Clinton says campaign break helped her refocus

Hillary Clinton returned Thursday to the US presidential campaign, saying her three days off helped her "reconnect with what this campaign is about."

In her first appearance since being ordered to stay home to recuperate from pneumonia, Clinton said, "sitting at home was the last place I wanted to be" with only two months until the November 8 election.

But she told a rally in Greensboro, North Carolina, that she took advantage of the time to be alone with her thoughts, and "did some thinking" about her reasons for running for office.
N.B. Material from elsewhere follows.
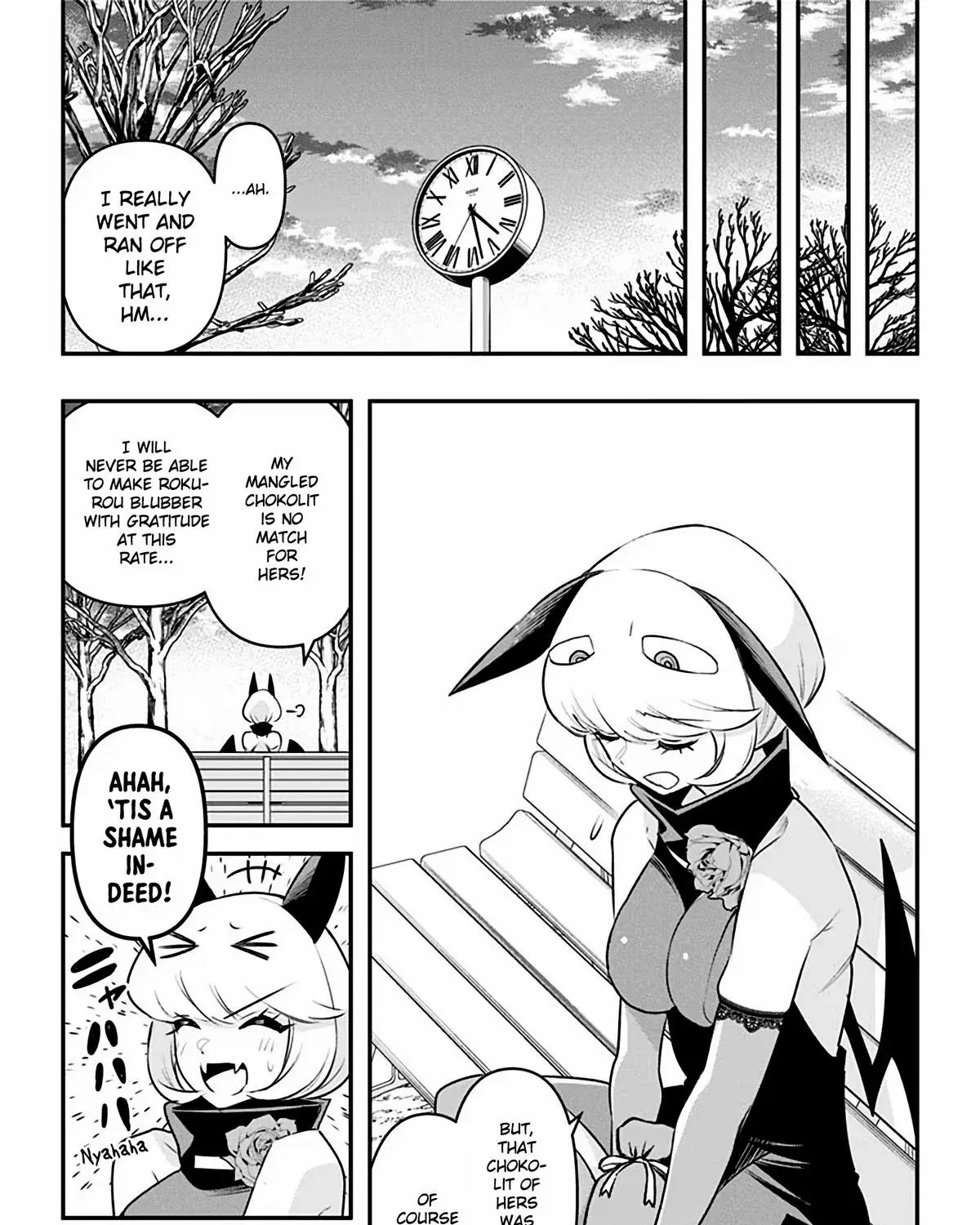 Debby the Corsifa wa Makezugirai Chapter 35 page 18 - 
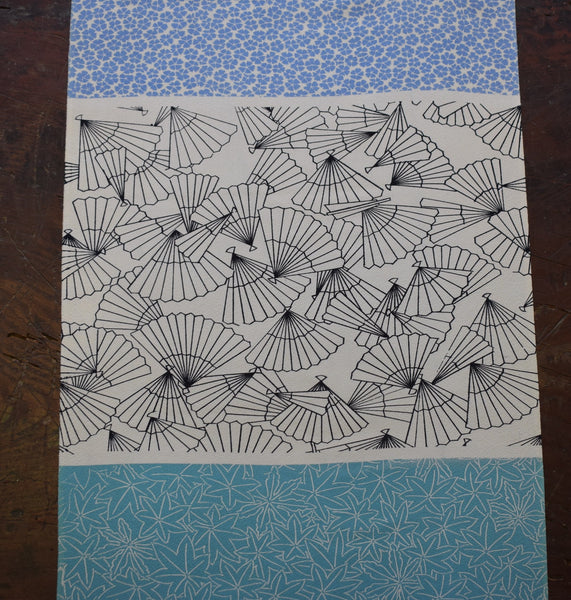 Kimono Silk Sample Bolt  - 5.5m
Appearing rested as she addressed the crowd in a clear voice, Clinton said that being home sick reminded her that far too many people in American can't stay home when they are ill because they lack health care or are "living on the razor's edge" and can't afford to lose a paycheck.

Some things should be within reach for everyone, she said, like financial security, affordable healthcare and "the peace of mind that comes with knowing that if something goes wrong your family will be OK."

Her public service career, Clinton said, had focused on "fighting for families and everyone who's been knocked down but gets back up" and that's what she would do as president.

Clinton, 68, was sidelined from the campaign trail on Sunday after she felt dizzy and nearly collapsed after abruptly leaving a memorial service in New York for the September 11, 2001, terrorist attacks.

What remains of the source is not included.